The only possible effect of this policy is to decrease demand for labor.


Reducing the workweek by 20% will create jobs, for those jobs in which output is a result of hours worked.


It's giving /some/ people money that is destructive to goodwill; giving /everyone/ money doesn't have the same downsides.


Your idea of Scandinavian democratic socialism seems to be rather misguided. You probably haven't lived here?

- Top marginal tax rates are not that different -- the difference is more in that the higher tax rates kick in earlier in Scandinavia, which is necessary because average earnings are lower. In the U.S., the high earners pay a larger proportion of tax revenue than Scandinavia. US: the top 2.7 % pays 51.6 % of federal income tax [0] while in Finland, the top 3 % pays 22.4 % of income tax revenue [1]

- Wage floors: Scandinavian countries don't have a legal minimum wage at all [2]. The minimum compensation for each job is negotiated in collective bargaining per sector, and several U.S. states already have higher and more broadly enforced minimum wages than what these per-sector agreements are in Scandinavian countries.

- Corporate profits to labor's pocket: compensation per employee as percentage of GDP at factor cost per person employed is not substantially different in the U.S. from northern EU. [3] Yes, it's somewhat falling because of technological development and increased regulation and taxation everywhere.

Overall, the difference in fact is that in many areas, the Scandinavian countries have less socialism, more market economy - more open competition and less protectionism.
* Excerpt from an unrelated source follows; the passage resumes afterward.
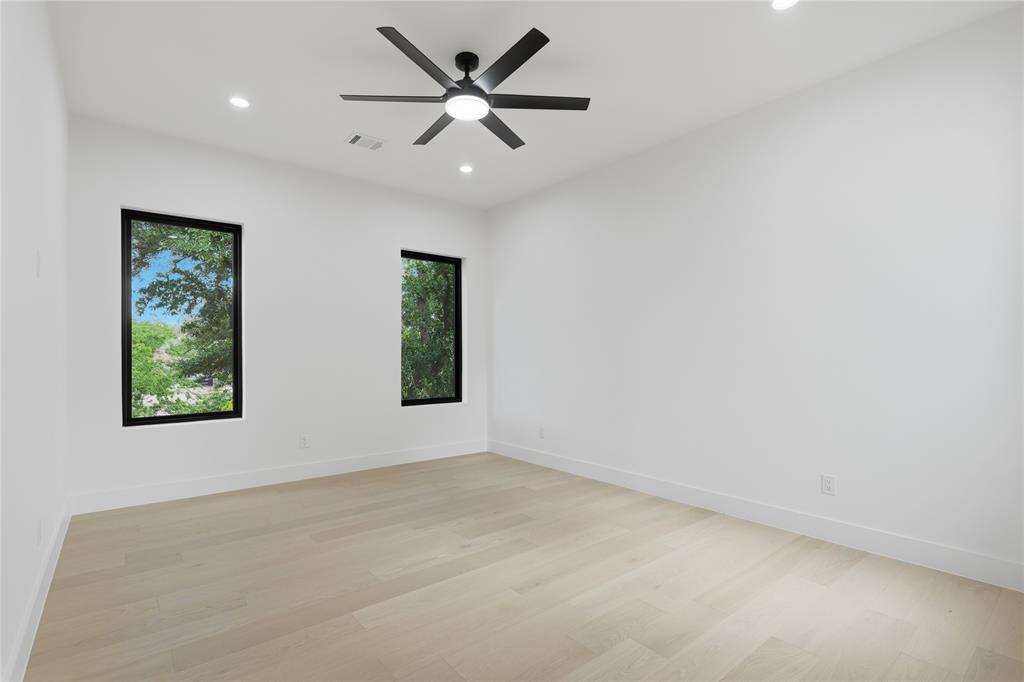 6038 Prospect Avenue Dallas, TX 75206 - Photo 36 of 40 Spacious room featuring light wood-finish flooring, recessed lighting, and a contemporary ceiling fan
It seems that you think the Scandinavian success is socialism, when in fact it is neoliberalism. [4]

[0] http://www.pewresearch.org/fact-tank/2016/04/13/high-income-...

[1] http://www.stat.fi/tup/suoluk/suoluk_tulot.html

[2] https://en.wikipedia.org/wiki/List_of_minimum_wages_by_count...

[3] https://en.wikipedia.org/wiki/Wage_share#/media/File:Adjuste...

[4] http://papers.ssrn.com/sol3/papers.cfm?abstract_id=1629940


I'm targeting the same outcome by pulling different levers.


What is that outcome, and in what sense is it "Scandinavian democratic socialism"?



Again, have you actually understood how we here in Nordic countries have arrived in this model?

Your approach looks like a cargo cult to me: it lacks understanding of the basic mechanisms, and instead focuses on some external insignia and symbols.


Yes, I've studied the economic principals underlying Nordic socioeconomic success. Again, I believe other methods will need to be undertaken to achieve the same outcome, due to the drastic cultural and economic differences between Nordic countries and the United States.

That's not cargo culting. That's adapting to your circumstances.